Substituting $\tilde{{x}}^{k+1} := \tilde{{x}}^k - \frac{1}{\tau _k}(\hat{{x}}^k - {x}^{k+1})$ from the third line of (16) together with (42), and (43) into (41), we can derive

$$\begin{aligned} F_{\gamma _{k+1}}({x}^{k+1})\le & {} (1- \tau _k)F_{\gamma _{k}}({x}^k) + \tau _kF({x}) \\&+ \frac{\Vert {A}\Vert ^2\tau _k^2}{2\gamma _{k+1}}\left[ \Vert \tilde{{x}}^k - {x}\Vert ^2 - \Vert \tilde{{x}}^{k+1} - {x}\Vert ^2\right] - R_k, \end{aligned}$$

which is indeed (18), where $R_k$ is given by (19).
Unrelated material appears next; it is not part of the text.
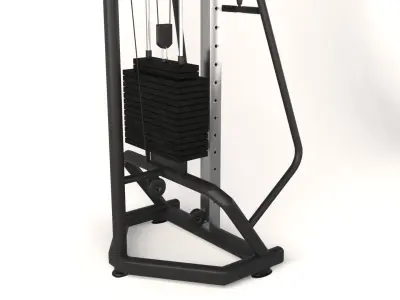 Cable Cross over Gym Machine 3D model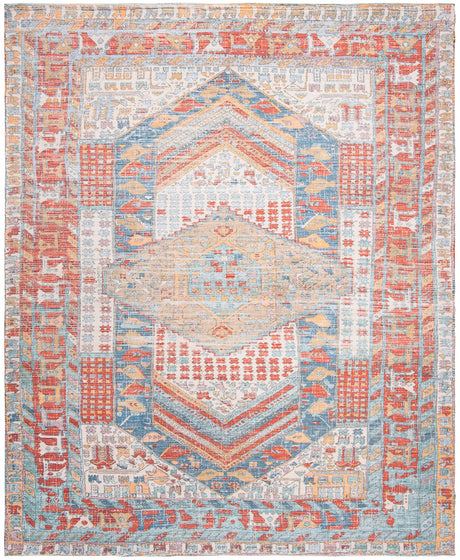 Safavieh Saffron 8'-0" x 10'-0" Rug in Fuchsia / Blue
Finally, we prove (20). Indeed, using the strong convexity and the $L_b$-smoothness of $b_{\mathcal {U}}$, we can lower bound

$$\begin{aligned} R_k\ge & {} \frac{\tau _k\gamma _{k+1}}{2}\Vert {u}^{*}_{\gamma _{k+1}}({A}^{\top }\hat{{x}}^k) - \bar{{u}}^c\Vert ^2 + \frac{(1-\tau _k)\gamma _{k+1}}{2}\Vert {u}^{*}_{\gamma _{k+1}}({A}^{\top }{x}^k) - {u}^{*}_{\gamma _{k+1}}({A}^{\top }\hat{{x}}^k)\Vert ^2\\&-\frac{L_b}{2}(1-\tau _k)(\gamma _k - \gamma _{k+1})\Vert {u}^{*}_{\gamma _{k+1}}({A}^{\top }{x}^k) - \bar{{u}}^c\Vert ^2. \end{aligned}$$

Letting $\hat{{v}}_k := {u}^{*}_{\gamma _{k+1}}({A}^{\top }\hat{{x}}^k) - \bar{{u}}^c$ and $ {v}_k := {u}^{*}_{\gamma _{k+1}}({A}^{\top }{x}^k) - \bar{{u}}^c$, we write $R_k$ as

$$\begin{aligned} 2\gamma _{k+1}^{-1}R_k\ge & {} \tau _k\Vert \hat{{v}}_k \Vert ^2 + (1-\tau _k)\Vert \hat{{v}}_k - {v}_k\Vert ^2 - (1-\tau _k)(\gamma _{k+1}^{-1}\gamma _k - 1)L_b\Vert {v}_k\Vert ^2 \\= & {} \Vert \hat{{v}}_k\Vert ^2 - 2(1-\tau _k)\langle \hat{{v}}_k ,{v}_k \rangle + (1-\tau _k)\big [1 - (\gamma _{k+1}^{-1}\gamma _k - 1)L_b\big ]\Vert {v}_k\Vert ^2 \\= & {} \Vert \hat{{v}}_k - (1-\tau _k){v}_k\Vert ^2 + (1-\tau _k)\left[ \tau _k - (\gamma _{k+1}^{-1}\gamma _k - 1)L_b\right] \Vert {v}_k\Vert ^2 \\\ge & {} (1-\tau _k)\left[ \tau _k - (\gamma _{k+1}^{-1}\gamma _k - 1)L_b\right] \Vert {v}_k\Vert ^2, \end{aligned}$$

which obviously implies (20). $\square $

1.3 The proof of Lemma 4: the choice of parameters

First, using the update rules of $\tau _k$ and $\gamma _k$ in (21), we can express the quantity $m_k$ as

$$\begin{aligned} m_k&:= \frac{\gamma _{k+1}(1-\tau _k)\left[ \gamma _{k+1}\tau _k - L_b(\gamma _k - \gamma _{k+1})\right] }{\tau _k^2} = -\frac{\gamma _1^2\bar{c}^2\left[ (L_b-1)(k + \bar{c}) + 1\right] }{(k+\bar{c})^2}. \end{aligned}$$

Moreover, it follows from the properties of $b_{\mathcal {U}}$ that

$$\begin{aligned} \frac{1}{2}\Vert {u}^{*}_{\gamma _{k+1}}({A}^{\top }{x}^k) -\bar{{u}}^c\Vert ^2 \le b_{\mathcal {U}}({u}^{*}_{\gamma _{k+1}}({A}^{\top }{x}^k)) \le D_{\mathcal {U}}. \end{aligned}$$

Multiplying the lower bound (20) by $\frac{\gamma _{k+1}}{\tau _k^2}$ and combining the result with the last inequality and the estimate of $m_k$, we obtain the first lower bound in (22).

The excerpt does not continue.